Senior Director of Labor Policy and Staff Attorney

Mailee Smith
April 9, 2025

‘Homeschool Act’ changes create more problems, could traumatize kids

Bill sponsors for a second time amended the ‘Homeschool Act’ as they tried to blunt the heavy criticism of the constitutional, parenting and privacy rights it could trample. Illinois Policy expert testimony showed the changes create more problems with the bill.

The “Homeschool Act” was amended in an effort to curb some of the historic opposition to it and the government overreach it would enable, but some of the changes make the bill even worse.

The changes quickly drew new opposition: 41,000 people in less than 24 hours used the Illinois General Assembly’s website to publicly oppose the changes. That followed 51,328 opponents on the bill’s first amendment and 42,393 on the original version of the bill – all records for any bill since the legislature implemented the witness system.

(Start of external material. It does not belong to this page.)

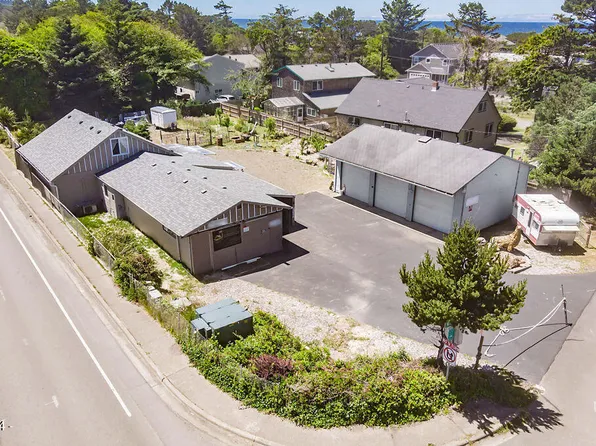 20 Willow St, Depoe Bay, OR 97341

The following written testimony by Illinois Policy Senior Director of Labor Policy and Staff Attorney Mailee Smith was filed April 9 to the Illinois House Education Policy Committee on House Bill 2827, Amendment 2.

Testimony in opposition to HB 2827

I am Mailee Smith, staff attorney and senior director of labor policy at Illinois Policy. Thank you for this opportunity to provide testimony.

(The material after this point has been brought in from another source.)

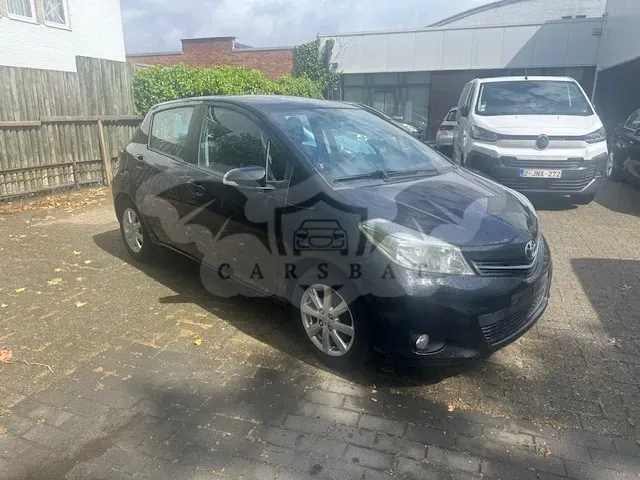 Toyota Yaris 1.3 2013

As I testified previously, I am before you today not only in my official capacity as an attorney, but also as the mother of three children whose experiences include having been in public high school since 2020, in a private K-8 school from 2011-2024, and one who is currently being homeschooled. I also spent nearly a decade as a school board member of a private school.

As both an attorney and a homeschooling mother, I have many concerns with the amendment to House Bill 2827. It is arguably more problematic than the version that passed out of this committee on March 19. Here are nine of the most concerning provisions in this bill:

  1. The required “homeschool notification form” not only includes personal information, it “may” also mandate a list of “any curriculum purchased or used for the homeschool.” It is left to the whim of the state board of education to determine what is in the form, and it could require a list of curricula. Requiring parents to file an annual list of curricula is burdensome and confusing. The bill doesn’t even give a date specification – is it the curricula of the current year? The previous year? Ironically, this is not something public schools are even required to list or post.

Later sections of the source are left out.